THE INGREDIENTS NEEDED:
FOR THE FILLING:
8-oz.Of cream cheese, softened.
1 Cup.Of cooked chicken, shredded.
1/2 Cup.Of cheddar cheese, shredded.
1/4 Cup.Of green onions, chopped.
1/4 Cup.Of crispy bacon, crumbled.
1/4 Cup.Of ranch dressing.
Salt and pepper to taste.
Large flour tortillas (8-10 inches).
Tomato slices (optional)
Combine cream cheese that has been softened, shredded chicken, cheddar cheese, sliced green onions, crumbled bacon, and ranch dressing in a large mixing bowl. Continue to combine all of the ingredients until they are well combined. Salt and pepper may be added to taste as a seasoning.

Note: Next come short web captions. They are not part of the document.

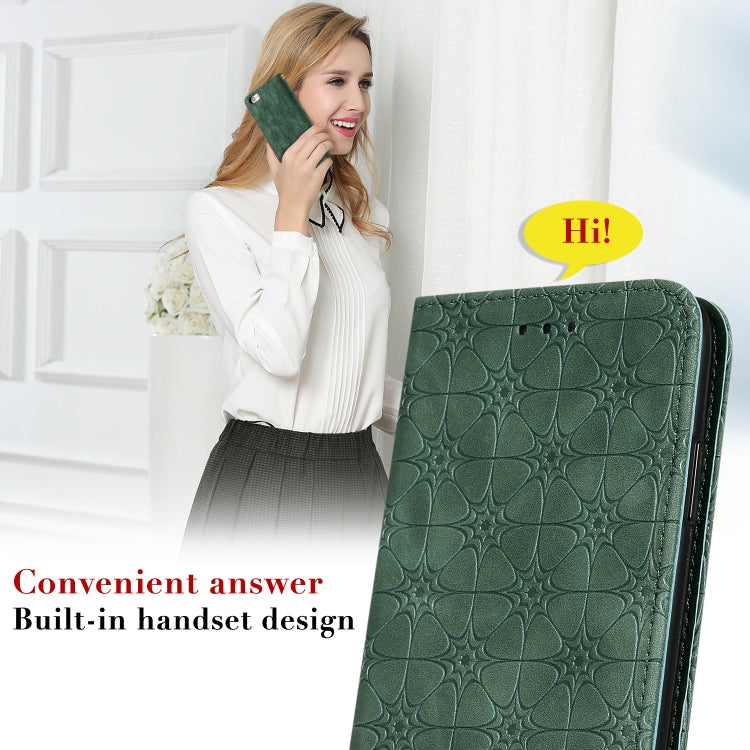 Lucky Flowers Embossing Pattern Magnetic Horizontal Flip Leather Case with Holder & Card Slots, For iPhone 6 / 6s, For iPhone 6 Plus, For iPhone X / XS, For iPhone XR, For iPhone XS Max, For Huawei P Smart Z/Y9 Pime(2019), For Huawei Honor Play 9A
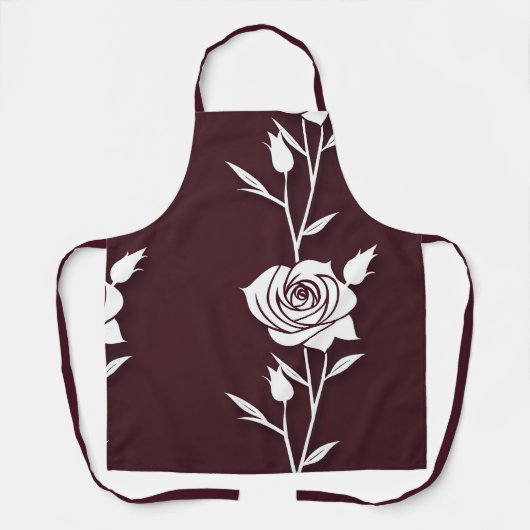 An Arrangement Of Minimalist Single Line Roses エプロン (正面)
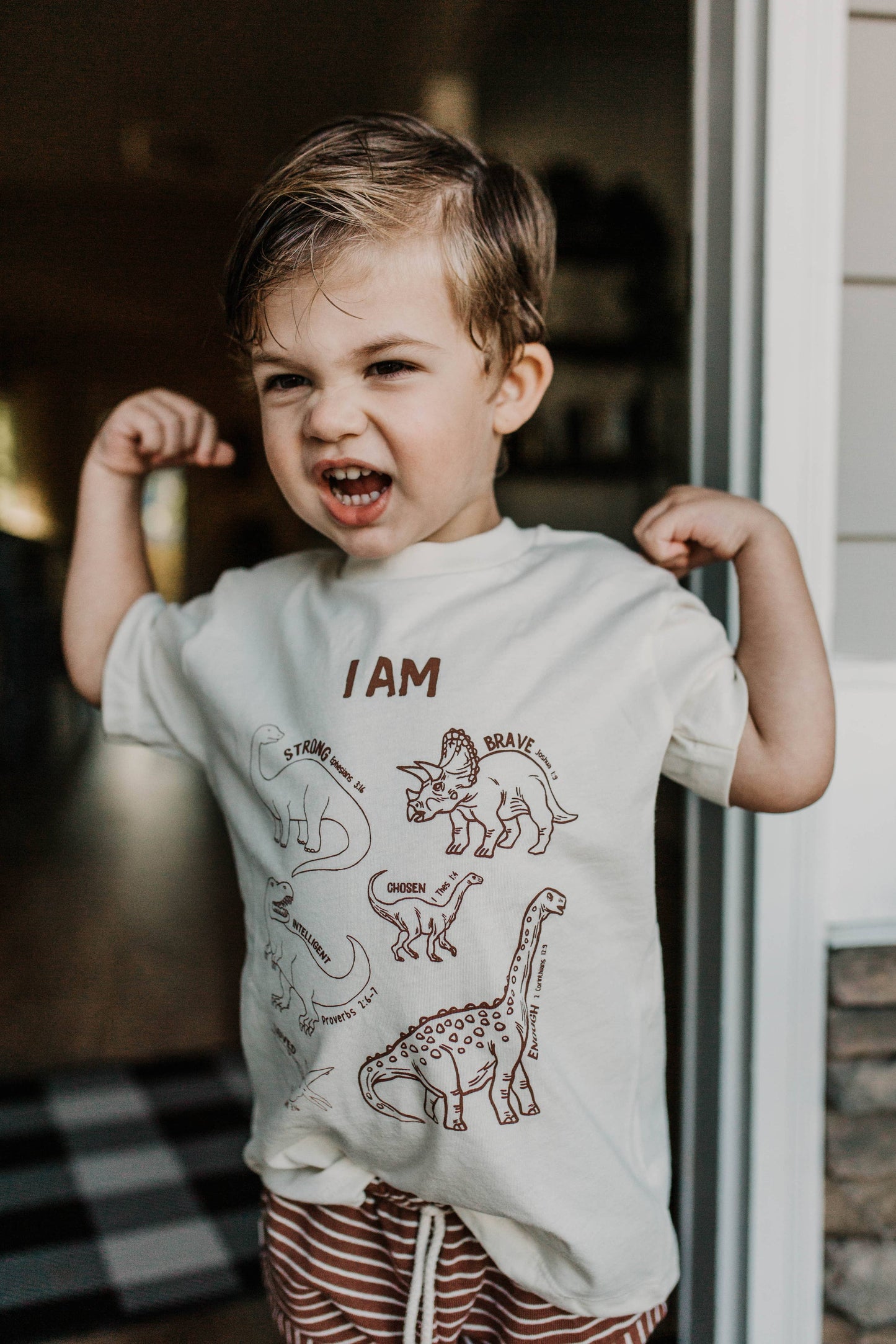 Dinosaur Affirmation TShirt|Mocha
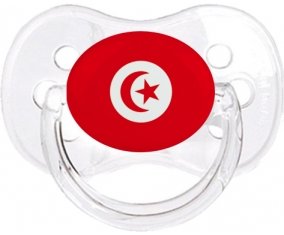 Drapeau Tunisie Tétine Cerise Transparent classique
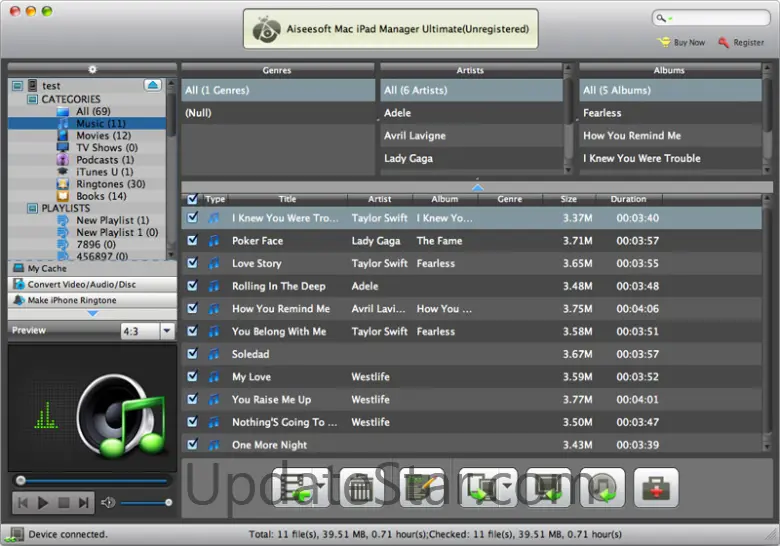 Aiseesoft Mac iPad Manager Ultimate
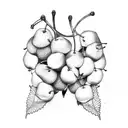 Cherry fruit tattoo design idea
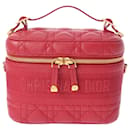 Christian Dior Diortravel Vanity Small Red Shoulder Bag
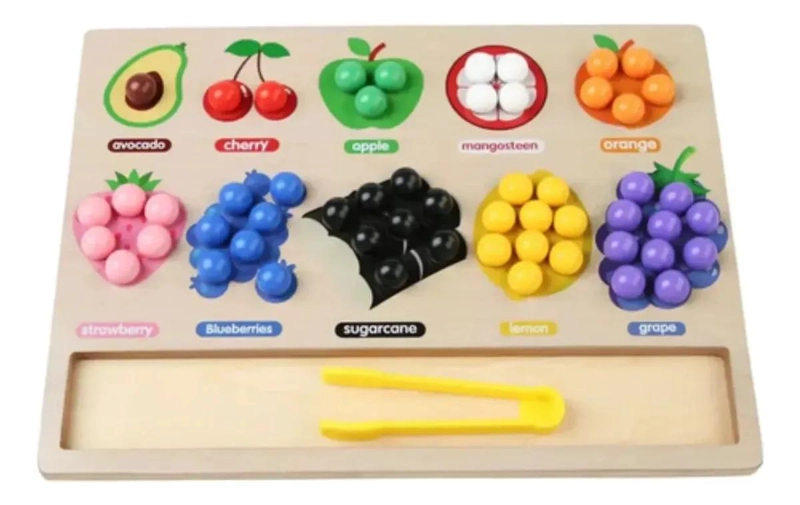 TABLERO DE CLASIFICACION DE COLORES Y FRUTAS JUGUETE EDUCATIVO - 5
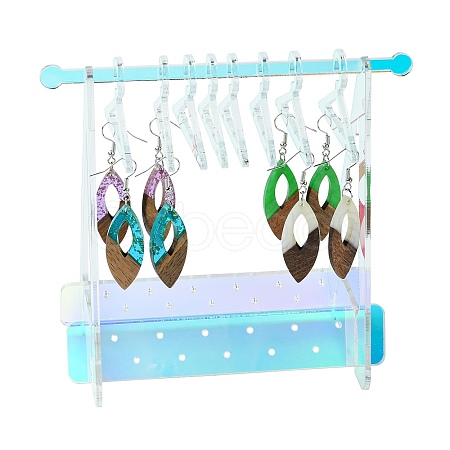 Laser Hanger Style Acrylic Earring Storage Display Rack ST-CJ0034-02-1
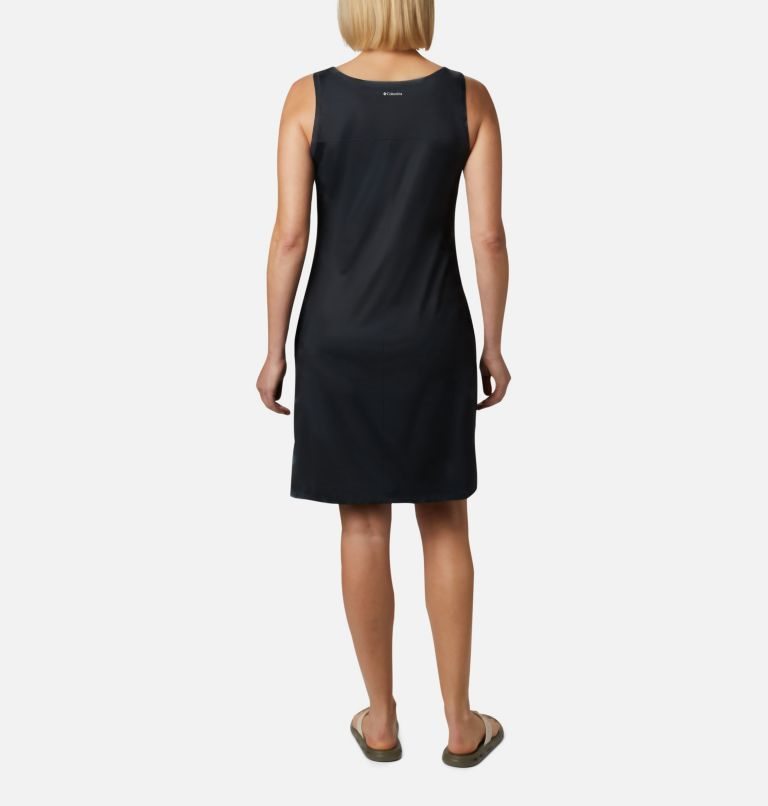 Women's Columbia Chill River Printed Dress Black | CA-D354C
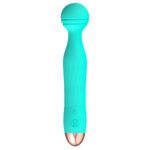 Cuties Silk Touch Rechargeable Mini Vibrator in Green - Ultimate Pleasure on the Go - Image 2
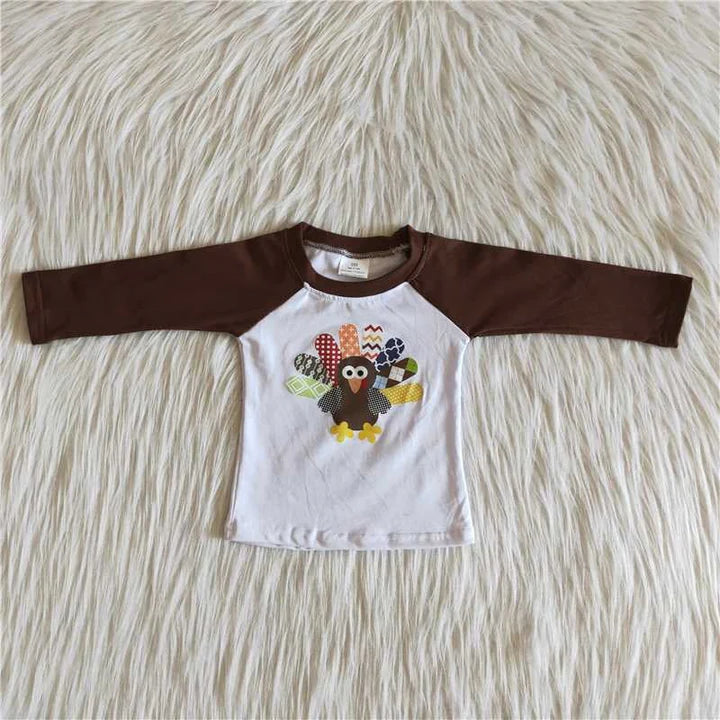 Thanksgiving Matching Printed Turkey Set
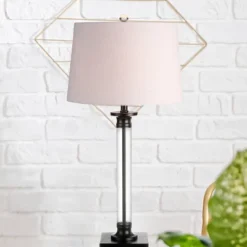 30" (Set Of 2) Mason Glass/Metal Table Lamp (Includes LED Light Bulb) Black - JONATHAN Y 7 30" (Set Of 2) Mason Glass/Metal Table Lamp (Includes LED Light Bulb) Black - JONATHAN Y -Furniture store GUEST 115f6e75 af3e 44ac bc21 74f0d3da1e61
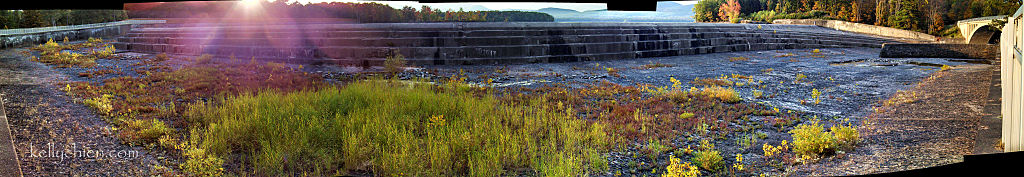 this-is-new-york.com Low water level at the Ashokan Reservoir spillway photo by Kelly Chien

Prepare a flat, clean area for the big flour tortillas. Onto each tortilla, spread a liberal amount of the filling mixture and distribute it evenly.
On top of the filling, lay a few lettuce leaves and tomato slices (if you’re using them). To ensure that the filling is safely wrapped, roll the tortilla up firmly beginning at one end and working your way to the other. Iterate this process for each tortilla.
Place each rolled tortilla in a separate piece of plastic wrap, and place the tortillas in the refrigerator for at least two hours, or until they are firm. This enables the pinwheels to solidify, which makes it much simpler to cut them into pieces afterward.
Cut the cold pinwheels into slices that are 1 inch thick using a very sharp knife. Arrange the slices so that they are easily accessible on a serving dish, and then use a toothpick to hold each slice in place.